Ganhou espaço esta semana na mídia a notícia de que o Ministério da Educação (MEC) cortou 11 mil vagas de 136 faculdades de Direito no Brasil em razão de seus resultados insatisfatórios, de acordo com avaliações do próprio Ministério. Este seria o primeiro ato da recém-criada Secretaria de Regulação e Supervisão da Educação Superior do MEC, responsável especificamente pela supervisão das instituições de ensino superior (IES) por conta da grande expansão do número desses estabelecimentos no Brasil. Na mesma semana, foi publicada no Diário Oficial da União a autorização para o funcionamento de 33 novos cursos de Direito, num total de 4,2 mil novas vagas.

Segundo o professor Luís Fernando Massonetto, titular da Secretaria, em entrevista à Agência Câmara, o número de vagas encerradas é maior do que o de autorizadas, e isso se aplica especialmente a cursos que já estão com algum grau de saturação. “A dinâmica é oferecer novas vagas e retirar vagas ruins do mercado”, afirma. “E, nos cursos mais saturados, com uma retirada maior do que daquelas que são recolocadas”. Ainda segundo o professor, “é muito melhor um controle pela expansão gradual das vagas do que ter que tomar medidas para reduzir vagas em instituições que não cumprem satisfatoriamente o seu propósito”.

A suspensão é uma medida cautelar e pode ser ou não mantida processo de renovação da autorização de funcionamento do curso. Caso a instituição consiga melhorar a qualidade do ensino, as vagas podem ser “devolvidas”.

Eis o ponto interessante: aparentemente, o número de vagas foi cortado, mas só em uma avaliação preliminar. Conforme o item III do despacho do secretário publicado no Diário Oficial da União do dia 2 de junho, a redução de vagas para o ingresso de novos alunos nos cursos de bacharelado em Direito poderá ser reconsiderada caso o Conceito Preliminar de Curso, critério usado pelo MEC para avaliar a qualidade das instituições de ensino superior, volte a ser satisfatório. Ou seja, a redução não é definitiva, e, considerando o natural prejuízo que traz para as IES, é quase certo que medidas para recuperar pontos nos critérios do MEC serão tomadas para reverter tais perdas.
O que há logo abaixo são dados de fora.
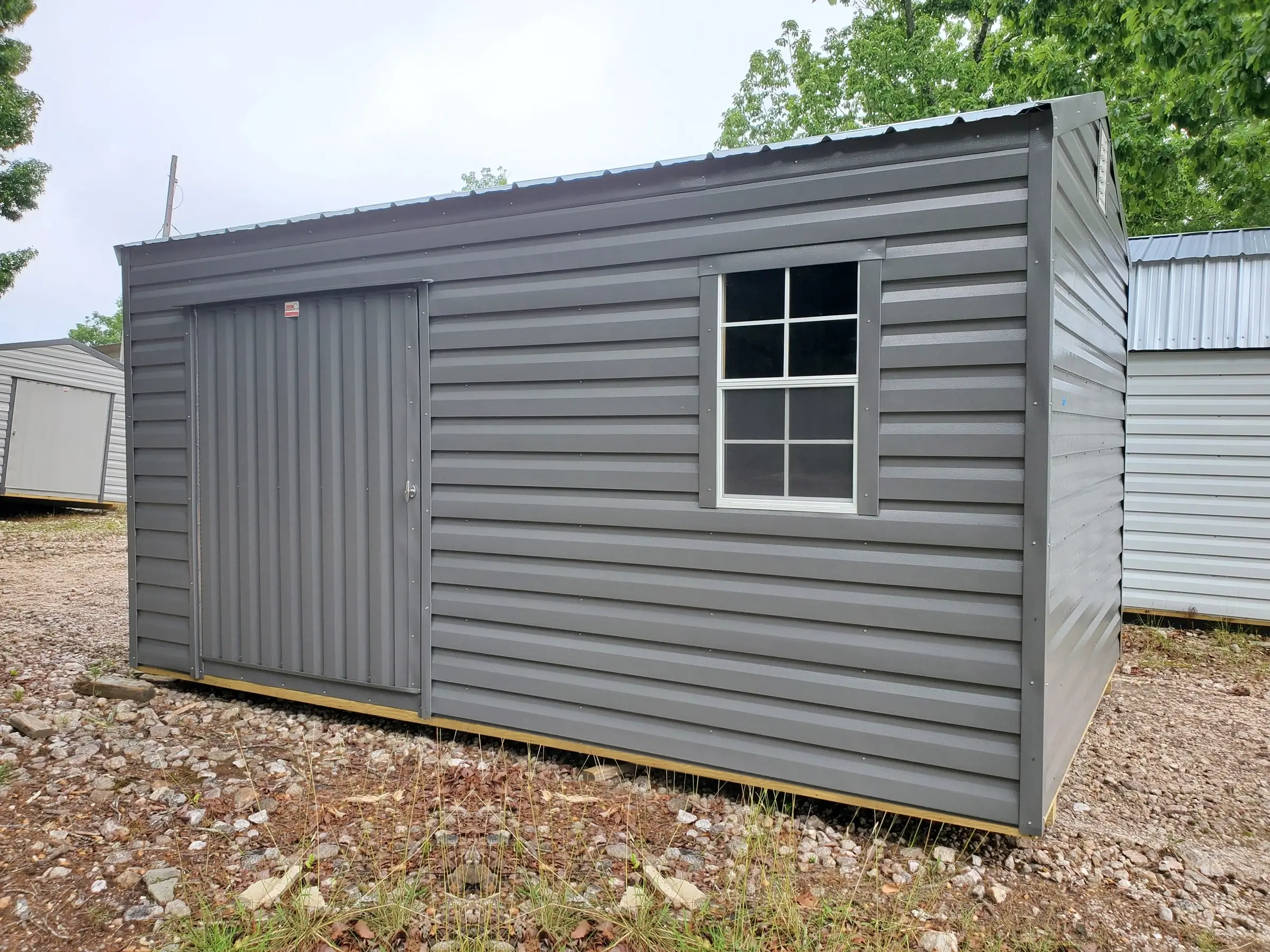 Front view of the all gray 10x16 portable building with large door and window.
Essa, ao que tudo indica, é a tendência. Em entrevista ao site Tudo na Hora, o coordenador de uma das instituições prejudicadas, o Cesmac, de Maceió (AL), professor Fernando Sérgio Tenório de Amorim, afirmou que “o MEC exige o mínimo de 30% de professores com mestrado e doutorado, e nós superamos esta meta; a matriz curricular do MEC é de 3.700 horas, a nossa tem 4.120; temos Laboratório de Prática Jurídica funcionando, Núcleo de Produção, iniciação científica, Núcleo de Estudos em Direito, Sociedade e Violência e implantamos o Plano de Cargos e Carreiras dos professores, que são avaliados semestralmente, adquirimos 10 mil títulos para a biblioteca e temos um novo plano pedagógico”. Naturalmente, a instituição irá lutar para recuperar suas vagas, e provavelmente o conseguirá.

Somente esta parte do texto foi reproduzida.